Therefore, conventional strain measurement equipment tends to be
bulky, heavy, and tends compromise the smoothness of the surface
being measured. The pressure on each portion of a streamer may also
provide useful information, such as water depth. Geophysical survey
operations would benefit from streamer monitoring that provides
more precise information in near-real time about a variety of
streamer characteristics, while not adding excessive weight or drag
to the survey equipment.
BRIEF DESCRIPTION OF THE DRAWINGS
[0004] So that the manner in which the above recited features of
the present invention can be understood in detail, a more
particular description of the invention, briefly summarized above,
may be had by reference to embodiments, some of which are
illustrated in the appended drawings. It is to be noted, however,
that the appended drawings illustrate only typical embodiments of
this invention and are therefore not to be considered limiting of
its scope, for the invention may admit to other equally effective
embodiments.
[0005] FIGS. 1A-1E are illustrations of characteristics of a fiber
Bragg grating structure.
[0006] FIG. 2 is an illustration of a Michelson interferometer.
[0007] FIG. 3 is an illustration of a geophysical survey
system.
[0008] FIGS. 4A-4C illustrate various configurations of a fiber
optic component positioned along a streamer.
[0009] FIG. 5 illustrates a streamer monitoring system.
[0010] FIG. 6 illustrates fiber Bragg grating sensors distributed
throughout a cross-section of a streamer.
[0011] FIG. 7 illustrates operational usage of fiber Bragg grating
sensors in streamers of geophysical survey systems.
DETAILED DESCRIPTION
[0012] It is to be understood the present disclosure is not limited
to particular devices or methods, which may, of course, vary. It is
also to be understood that the terminology used herein is for the
purpose of describing particular embodiments only, and is not
intended to be limiting. As used herein, the singular forms "a",
"an", and "the" include singular and plural referents unless the
content clearly dictates otherwise. Furthermore, the words "can"
and "may" are used throughout this application in a permissive
sense (i.e., having the potential to, being able to), not in a
mandatory sense (i.e., must). The term "include," and derivations
thereof, mean "including, but not limited to." The term "coupled"
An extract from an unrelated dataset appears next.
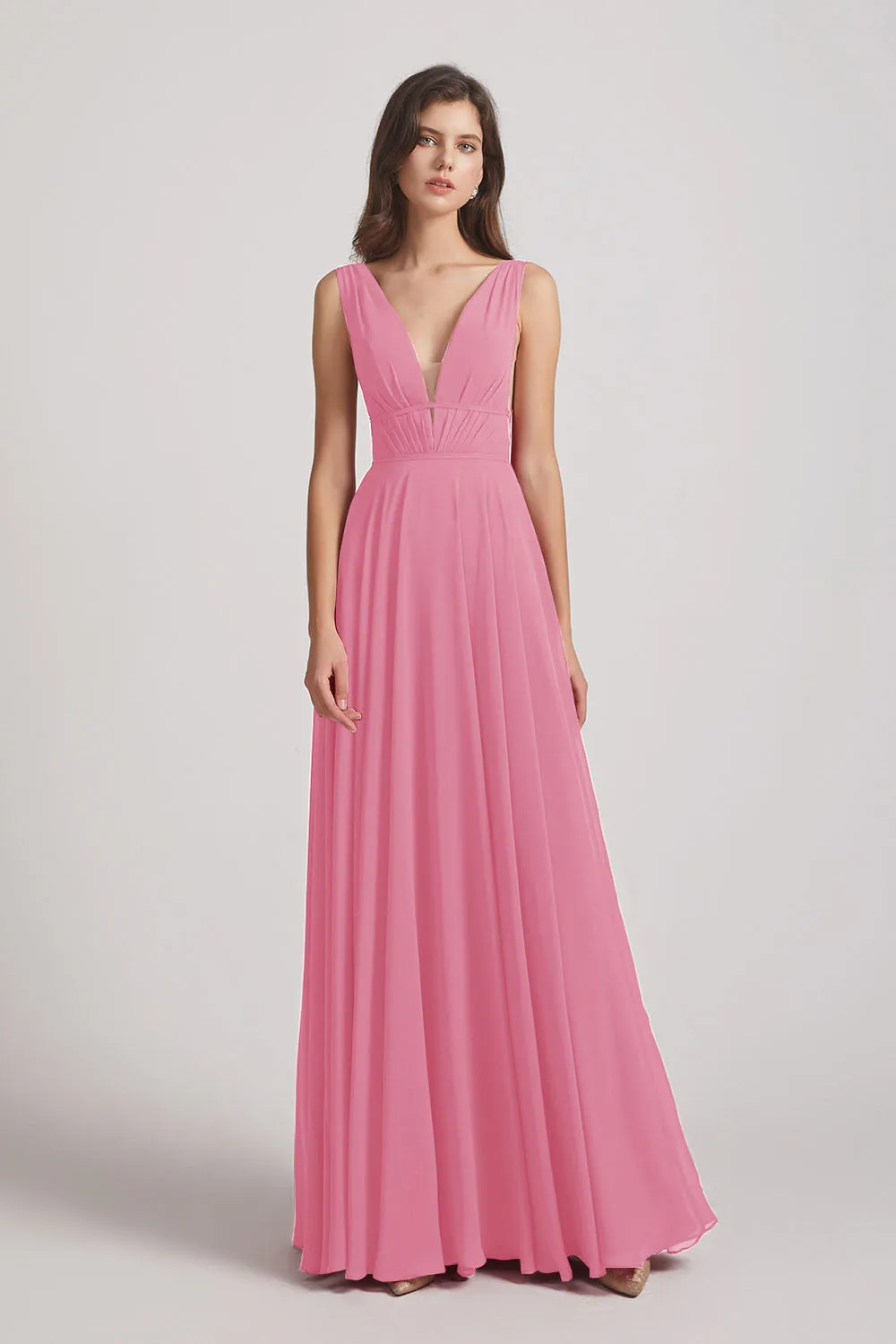 Wide Straps Double V-Neck Crinkle Chiffon Bridesmaid Dresses (AF0092)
means directly or indirectly connected. The word "exemplary" is
used herein to mean "serving as an example, instance, or
illustration." Any aspect described herein as "exemplary" is not
necessarily to be construed as preferred or advantageous over other
aspects. The term "uniform" means substantially equal for each
sub-element, within about +-10% variation. The term "nominal" means
as planned or designed in the absence of variables such as wind,
waves, currents, or other unplanned phenomena. "Nominal" may be
implied as commonly used in the field of marine surveying.
[0013] "Cable" shall mean a flexible, axial load carrying member
that also comprises electrical conductors and/or optical conductors
for carrying electrical power and/or signals between components.
The word "cable" is also used herein to refer to assemblies of
cables that may be wrapped, gathered, or otherwise physically
associated into a cable-like collection of individual cables.
[0014] "Rope" shall mean a flexible, axial load carrying member
that does not include electrical and/or optical conductors. Such a
rope may be made from fiber, steel, other high strength material,
chain, or combinations of such materials.
[0015] "Line" shall mean either a rope or a cable.
[0016] "Optical fiber" shall mean a flexible fiber capable of
transmitting light between the two ends of the fiber. An optical
fiber may be made up of multiple segments, joined end-to-end, each
segment itself being a flexible fiber capable of transmitting light
signals between the two ends of the segment. As such, segments may
be joined by passive splices that transmit light from one segment
to the next, or by active splices that amplify or modulate light
from one segment to the next.
[0017] "Optical fiber bundle" shall mean a plurality of optical
fibers in close radial proximity and generally spanning the same
end-to-end axial path. The optical fibers of a bundle may be in
contact with one another. The optical fibers of a bundle may be
wrapped around one another, or around another piece of equipment
that generally spans the same end-to-end axial path. The optical
fibers of a bundle may be secured together to reduce relative
motion between one another.
[0018] "Fiber optic component" shall mean an optical fiber, an
optical fiber bundle, or a part thereof.
[0019] "Forward" or "front" shall mean the direction or end of an
object or system that corresponds to the intended primary direction
of travel of the object or system.
[0020] "Aft" or "back" shall mean the direction or end of an object
or system that corresponds to the reverse of the intended primary
direction of travel of the object or system.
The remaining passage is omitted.